Scientific classification
- Kingdom: Animalia
- Phylum: Chordata
- Class: Aves
- Order: Psittaciformes
- Family: Psittacidae
- Genus: Amazona
- Species: A. leucocephala
- Binomial name: Amazona leucocephala (Linnaeus, 1758)
- Synonyms: Psittacus leucocephalus Linnaeus, 1758

= Cuban amazon =

- Genus: Amazona
- Species: leucocephala
- Authority: (Linnaeus, 1758)
- Conservation status: NT
- Synonyms: Psittacus leucocephalus Linnaeus, 1758

Species of bird

The Cuban amazon (Amazona leucocephala), also known as the Cuban parrot and the rose-throated parrot, is a medium-sized mainly green parrot found in woodlands and dry forests of Cuba, the Bahamas and Cayman Islands in the Caribbean.
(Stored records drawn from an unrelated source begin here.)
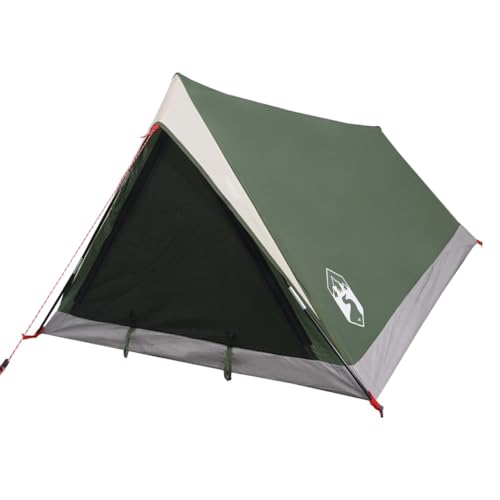 vidaXL Campingzelt 2 Personen, Kuppelzelt mit Reißverschluss, Camping Zelt mit abnehmbarem Außenzelt, Trekkingzelt Outdoor Zelt, Grün TAFT von vidaXL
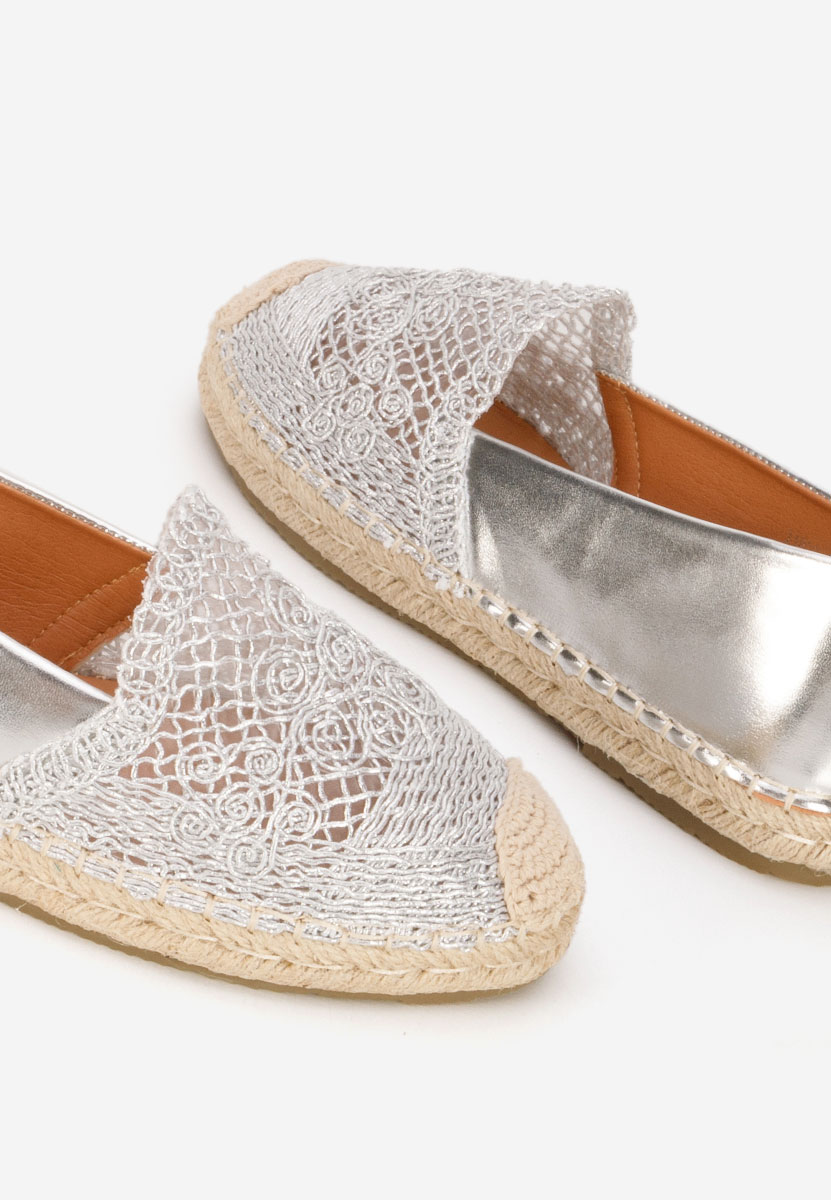 Srebrne espadryle damskie Thaisa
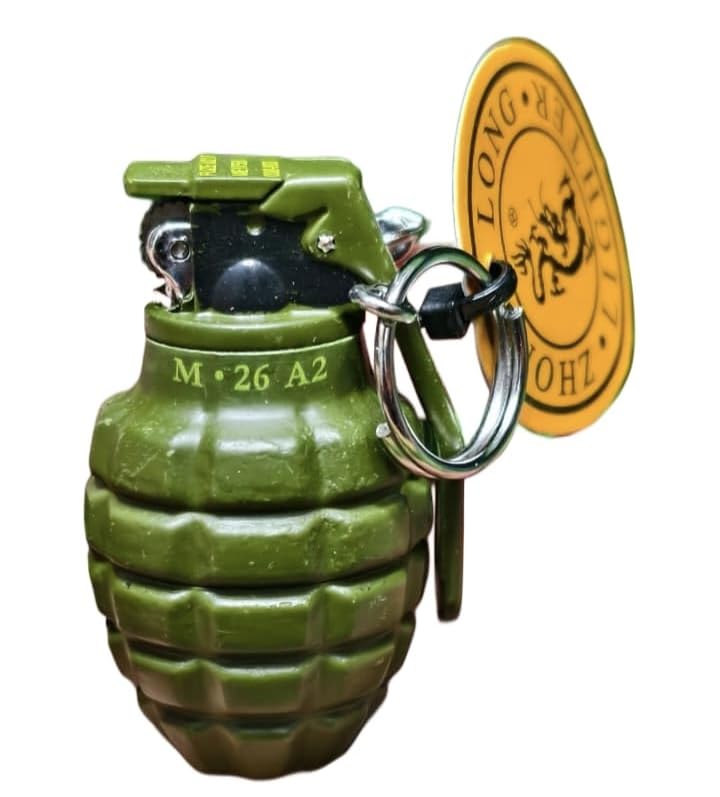 Green Bomb Refillable Metal Grenade Shape Pocket Lighter with Keyring, Windproof Flame, Compact Outdoor Accessory-picture-16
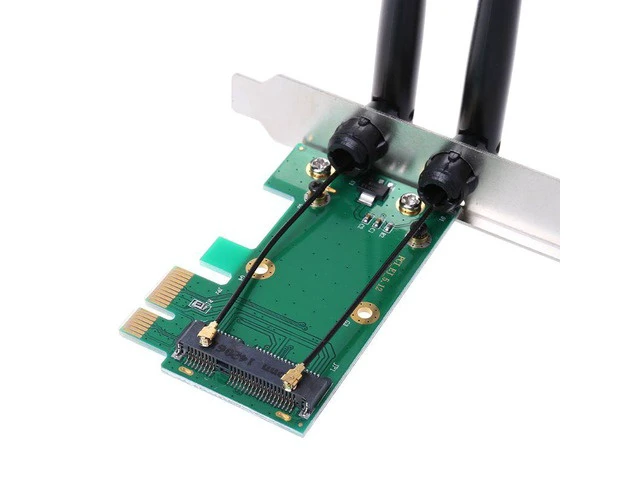 Alt view image 3 of 6 - WiFi Adapter Mini PCI-E to PCIE Express Wireless Network Card with 2 Antennas Dropship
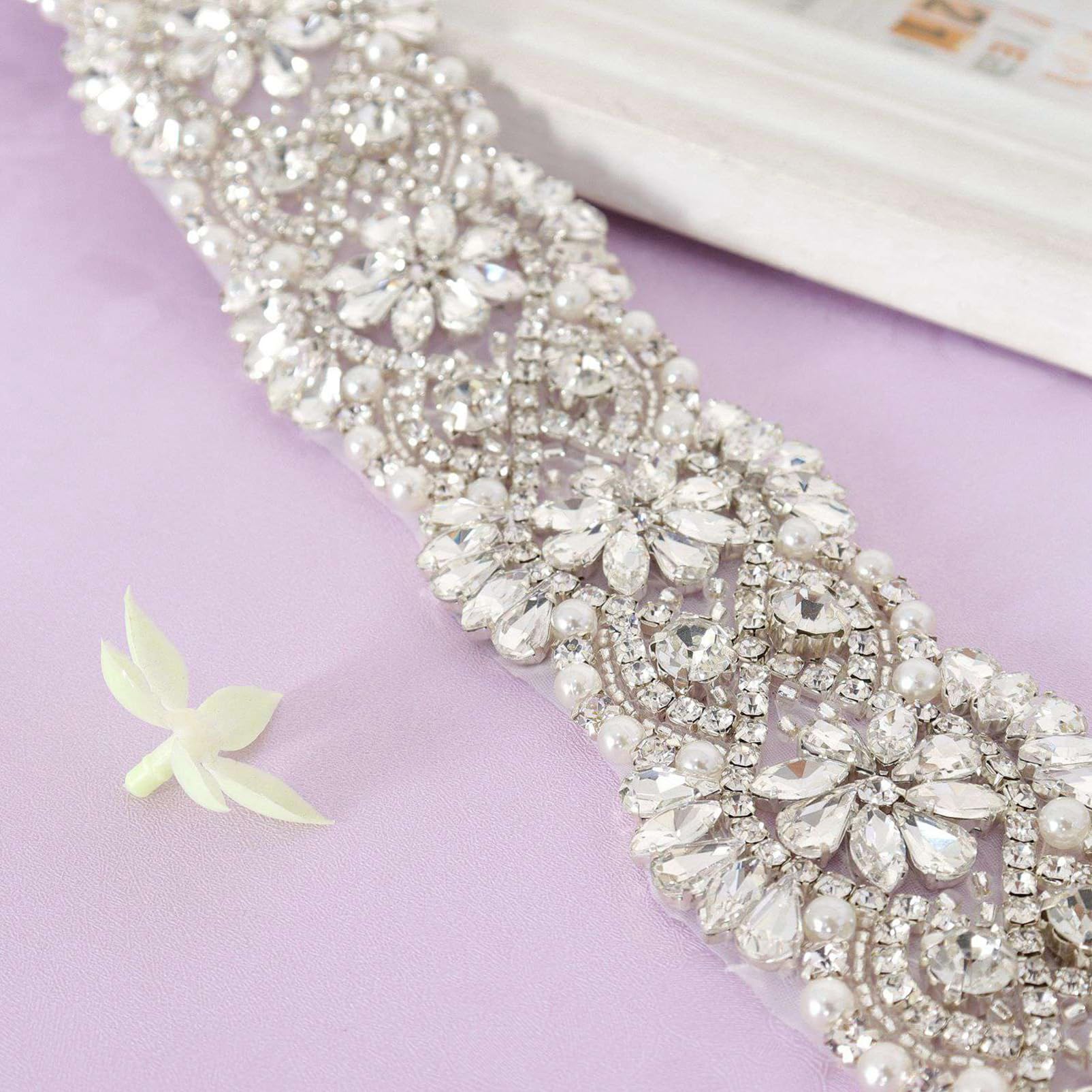 Pardecor Rhinestone Wedding Belt - Crystal Bridal Sash for Wedding Dress, Bridesmaid & Prom Gowns - Elegant Dress Accessory for Special Occasions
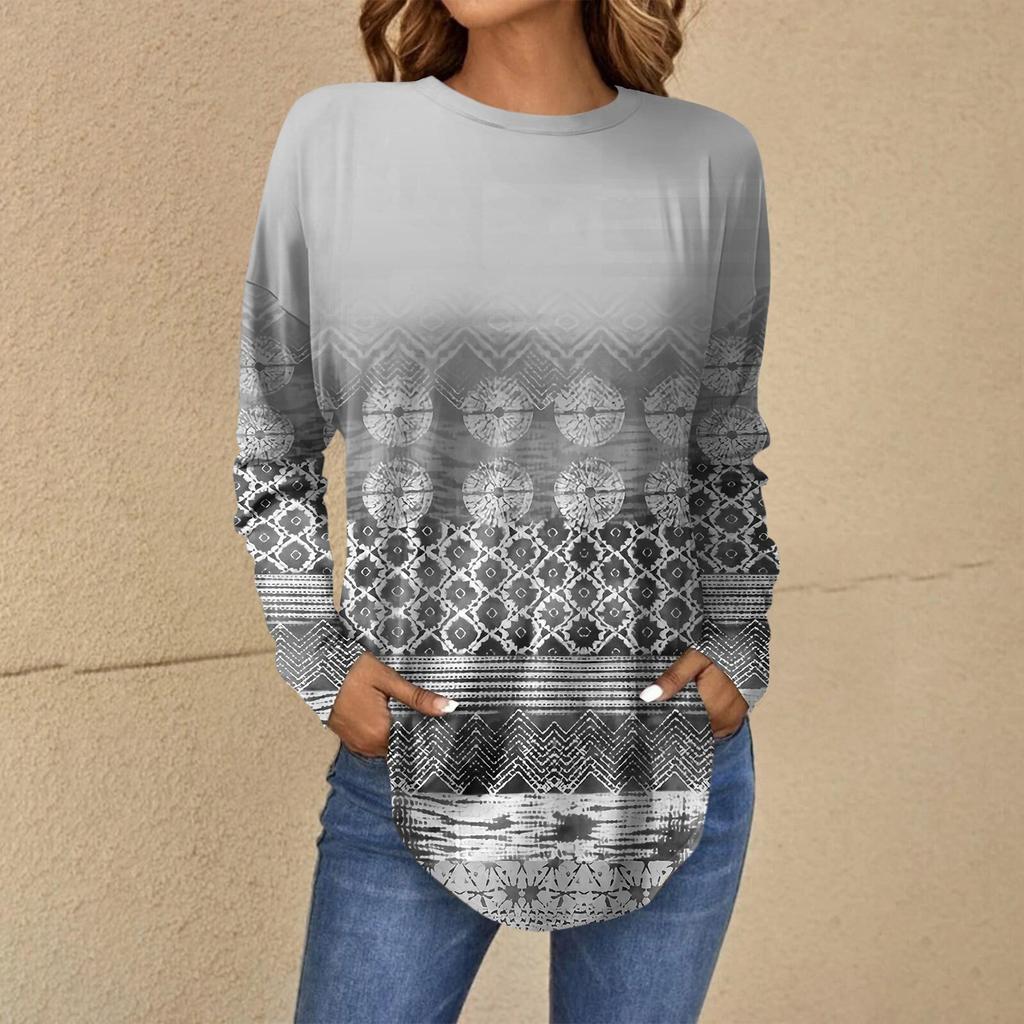 Women's Fashion Loose Round Neck  Printed Long Sleeve T-Shirt Pullover Top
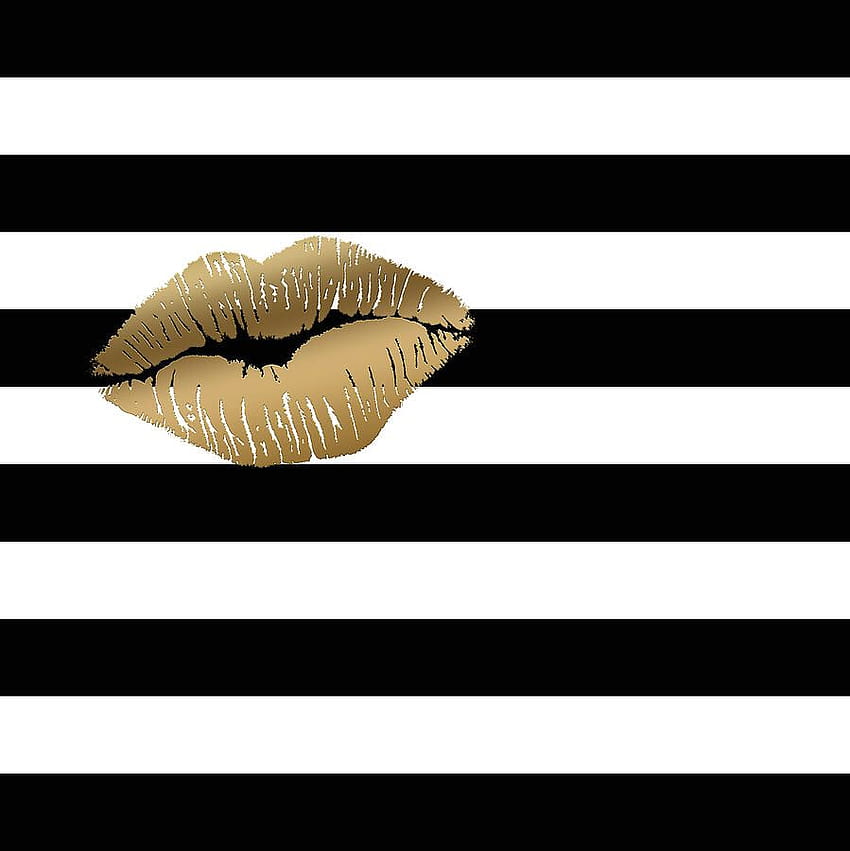 Metallic Gold Lips Black and White Stripes от Georgeta Blanaru през 2021 г. HD тапет за телефон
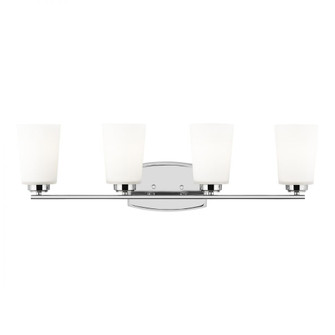 Franport transitional 4-light indoor dimmable bath vanity wall sconce in chrome silver finish with e (38|4428904-05)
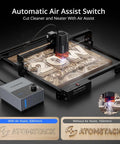 20W Laser Engraver A20 Pro V2 With Auto Air Assist And R8 Rotary Chuck engraving intricate design on wood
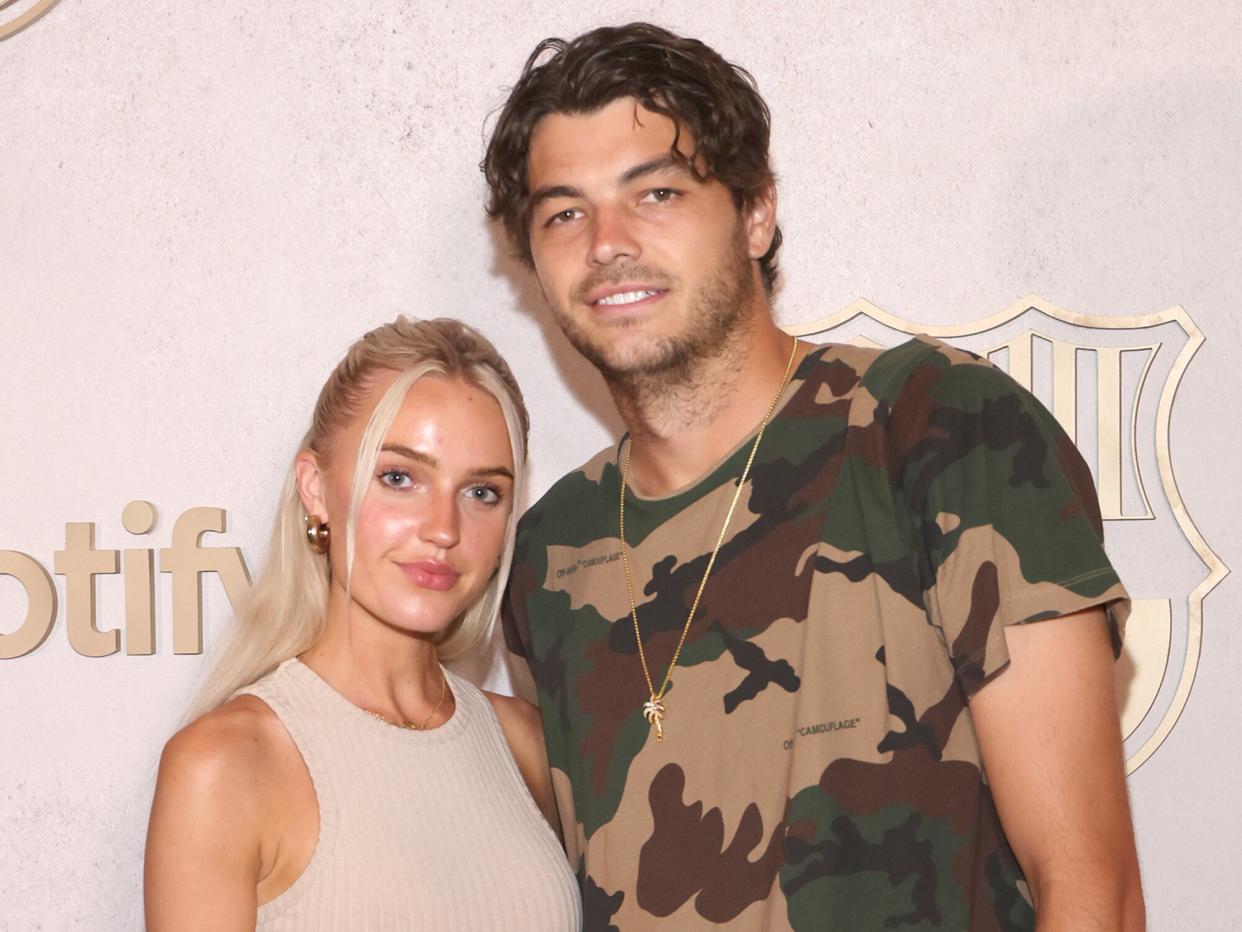 Morgan Riddle and Taylor Fritz attend as FC Barcelona and Spotify celebrate their partnership at the Four Seasons at the Surf Club, Miami at Four Seasons Surfside on July 20, 2022 in Surfside, Florida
Although they have been observed in the wild in Puerto Rico, they are probably the result of escaped pets, and no reproduction has been recorded.

==Taxonomy==
The Cuban amazon was formally described in 1758 by the Swedish naturalist Carl Linnaeus in the tenth edition of his Systema Naturae. He placed it with all the other parrots in the genus Psittacus and coined the binomial name Psittacus leucocephalus. Linnaeus cited the description and illustration of the "white-headed parrot" in George Edwards' A Natural History of Uncommon Birds which was published in 1751. Linnaeus gave the type locality as "America" but this was restricted to eastern Cuba by Thomas Barbour in 1923. The Cuban amazon is now one of around thirty species placed in the genus Amazona that was introduced by the French naturalist René Lesson in 1830. The genus name is a Latinized version of the name Amazone used in the 18th century by the Comte de Buffon. The specific epithet leucocephala is from Ancient Greek leukokephalos meaning "white-headed" (from leukos meaning "white" and -kephalos meaning "-headed").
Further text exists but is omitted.